◆ **Aim of the exercise**:
The answer should be an exact repeat of the stretch of material below from the line containing "İsrail, Gazze'ye giden" through the line containing "待售: $475,000 (4 贝兹, 2 浴室, 2356 平方英尺)".

◆ **Records provided**:

_ _ _ _ _ _ _

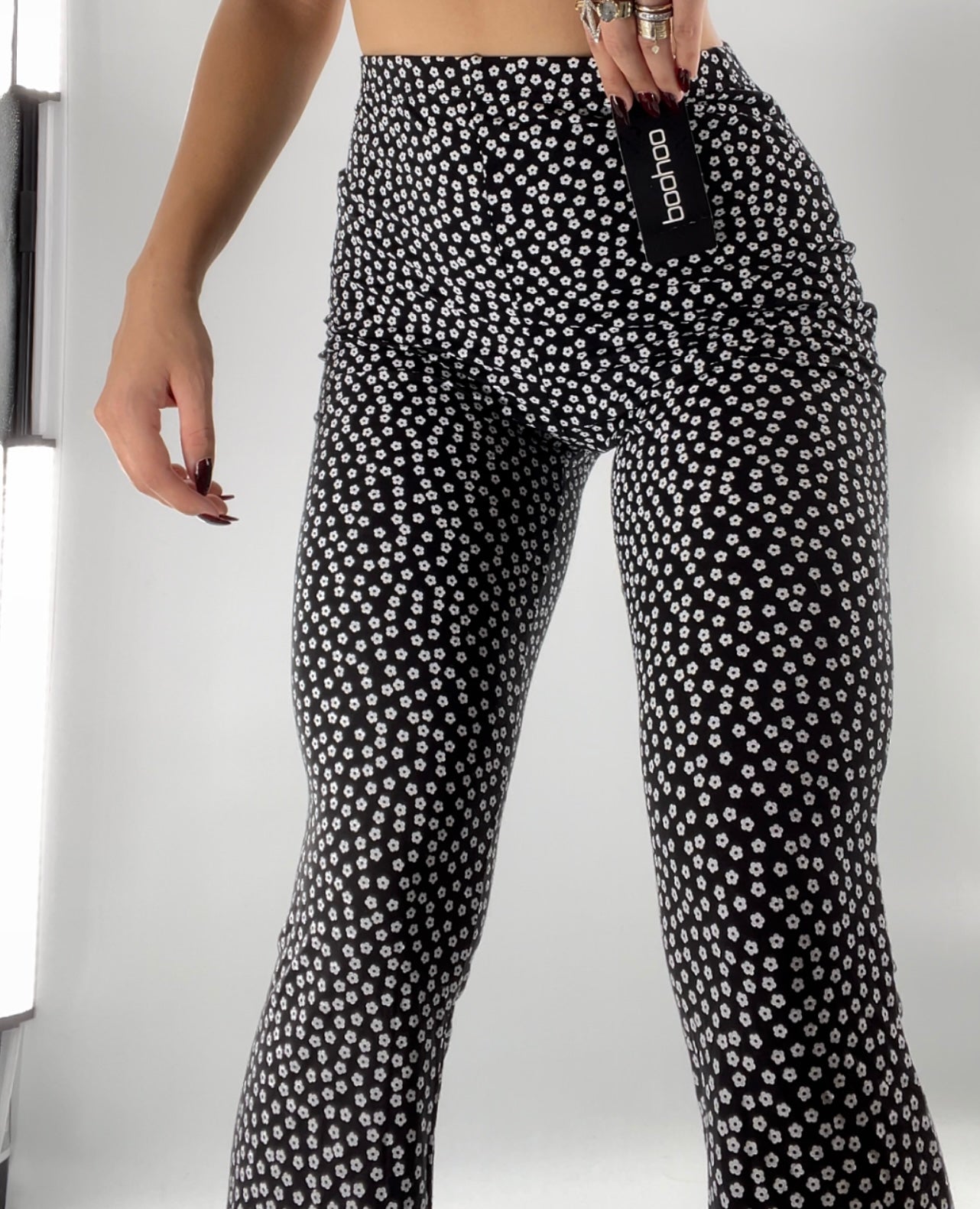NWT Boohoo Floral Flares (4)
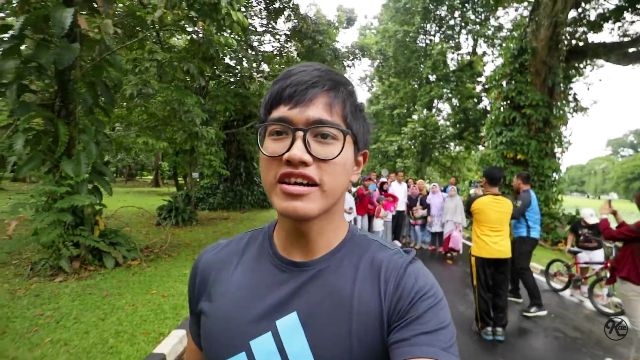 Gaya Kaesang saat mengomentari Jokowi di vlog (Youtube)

_ _ _ _ _ _ _

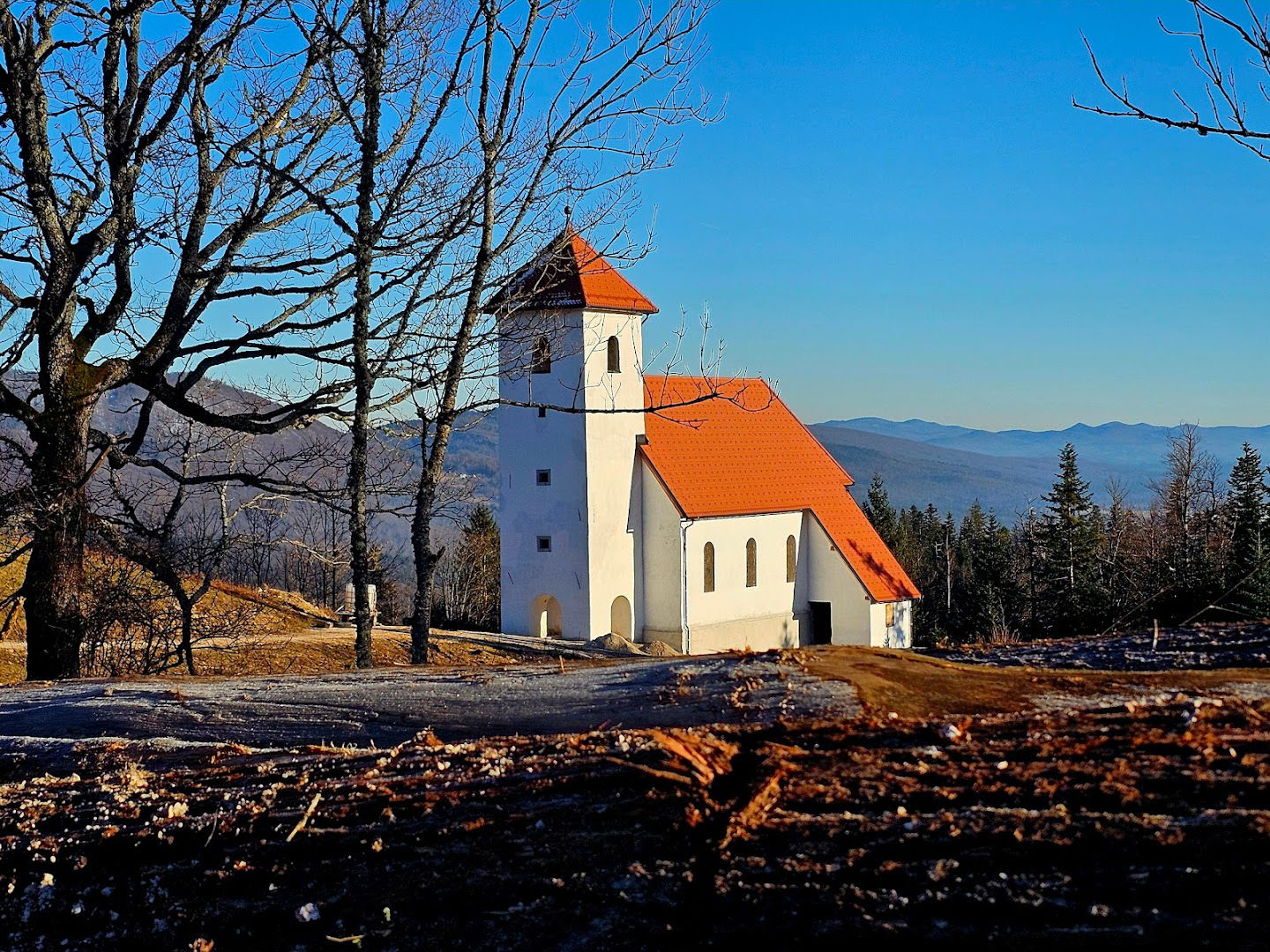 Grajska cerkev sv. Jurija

_ _ _ _ _ _ _

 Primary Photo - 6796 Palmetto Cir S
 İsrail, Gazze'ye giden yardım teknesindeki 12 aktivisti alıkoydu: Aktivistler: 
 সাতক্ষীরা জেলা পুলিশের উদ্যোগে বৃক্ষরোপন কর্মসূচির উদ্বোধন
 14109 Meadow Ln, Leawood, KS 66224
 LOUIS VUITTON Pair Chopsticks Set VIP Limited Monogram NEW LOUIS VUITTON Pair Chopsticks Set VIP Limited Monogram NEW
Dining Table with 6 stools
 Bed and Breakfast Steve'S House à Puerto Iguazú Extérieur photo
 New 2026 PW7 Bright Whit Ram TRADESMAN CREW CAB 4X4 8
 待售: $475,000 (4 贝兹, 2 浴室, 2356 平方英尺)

_ _ _ _ _ _ _

◆ **Exercise solution**:
 İsrail, Gazze'ye giden yardım teknesindeki 12 aktivisti alıkoydu: Aktivistler: 
 সাতক্ষীরা জেলা পুলিশের উদ্যোগে বৃক্ষরোপন কর্মসূচির উদ্বোধন
 14109 Meadow Ln, Leawood, KS 66224
 LOUIS VUITTON Pair Chopsticks Set VIP Limited Monogram NEW LOUIS VUITTON Pair Chopsticks Set VIP Limited Monogram NEW
Dining Table with 6 stools
 Bed and Breakfast Steve'S House à Puerto Iguazú Extérieur photo
 New 2026 PW7 Bright Whit Ram TRADESMAN CREW CAB 4X4 8
 待售: $475,000 (4 贝兹, 2 浴室, 2356 平方英尺)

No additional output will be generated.